◆ **ABOUT THIS TASK**: The required answer is the data below, restated word for word with images omitted.

--- DATA EXCERPT ---

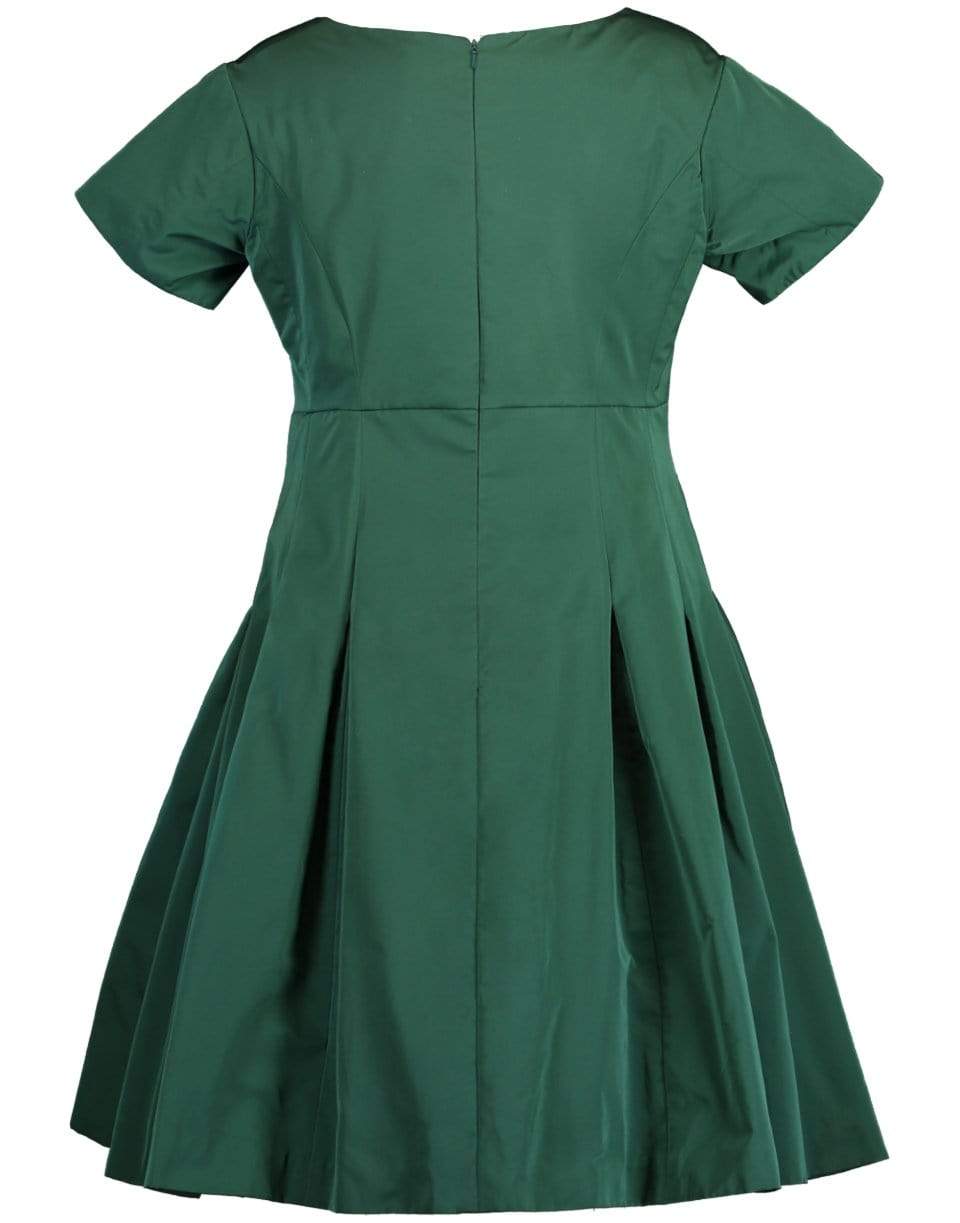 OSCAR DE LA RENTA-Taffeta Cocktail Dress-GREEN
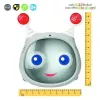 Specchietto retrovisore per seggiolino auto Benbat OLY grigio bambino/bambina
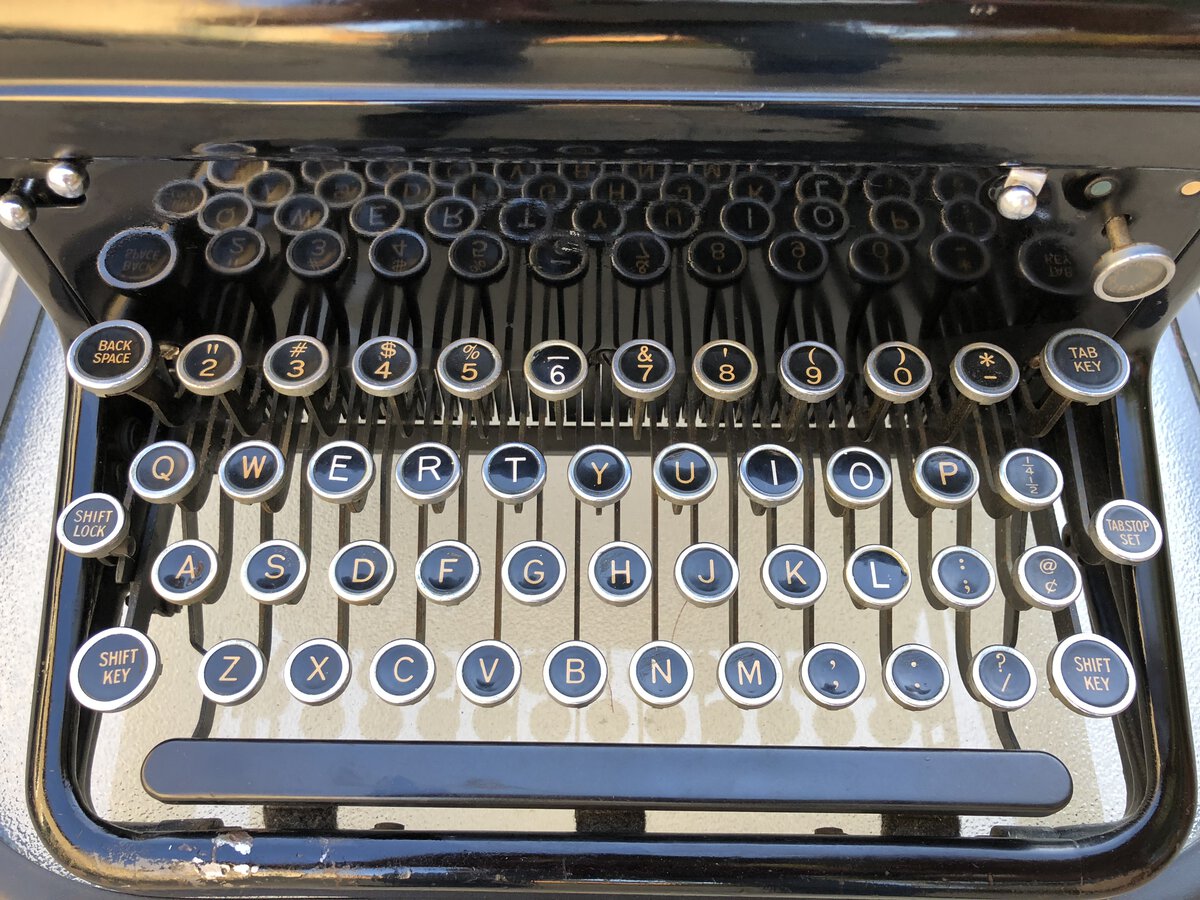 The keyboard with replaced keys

---

◆ **ANSWER TO THIS TASK**:
 OSCAR DE LA RENTA-Taffeta Cocktail Dress-GREEN
 Specchietto retrovisore per seggiolino auto Benbat OLY grigio bambino/bambina
 The keyboard with replaced keys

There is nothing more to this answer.